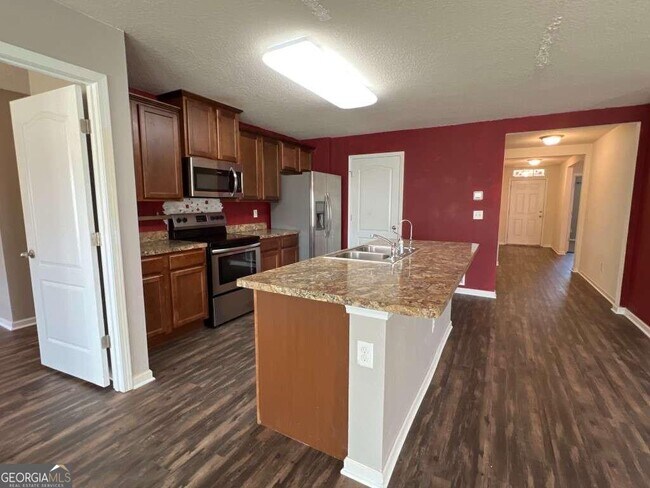 Building Photo - 204 Waters Edge Dr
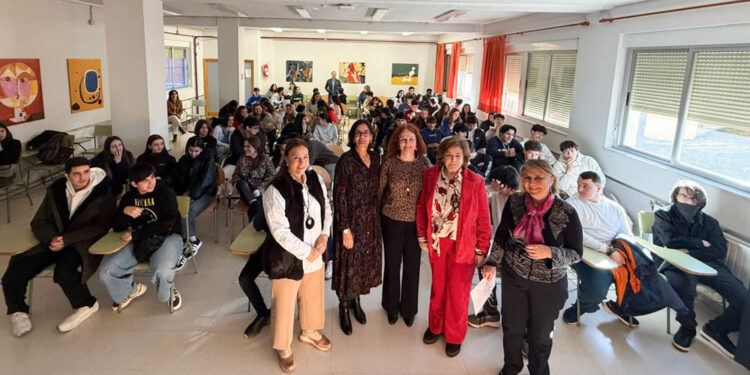 El Ayuntamiento aborda el problema del suicidio juvenil con los alumnos del IES Calisto y Melibea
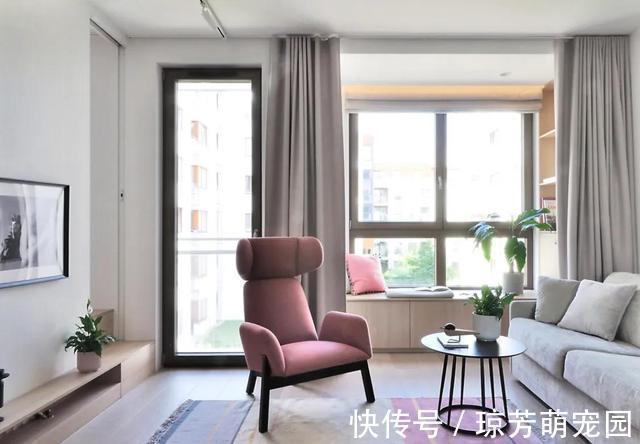 收纳|大龄姑娘买下33㎡小宅,全屋极简装修,卧室抬高45㎝,好舒适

= = =

Copy the listing over exactly, skipping the pictures it holds.

Result for this task
 Building Photo - 204 Waters Edge Dr
 El Ayuntamiento aborda el problema del suicidio juvenil con los alumnos del IES Calisto y Melibea
 收纳|大龄姑娘买下33㎡小宅,全屋极简装修,卧室抬高45㎝,好舒适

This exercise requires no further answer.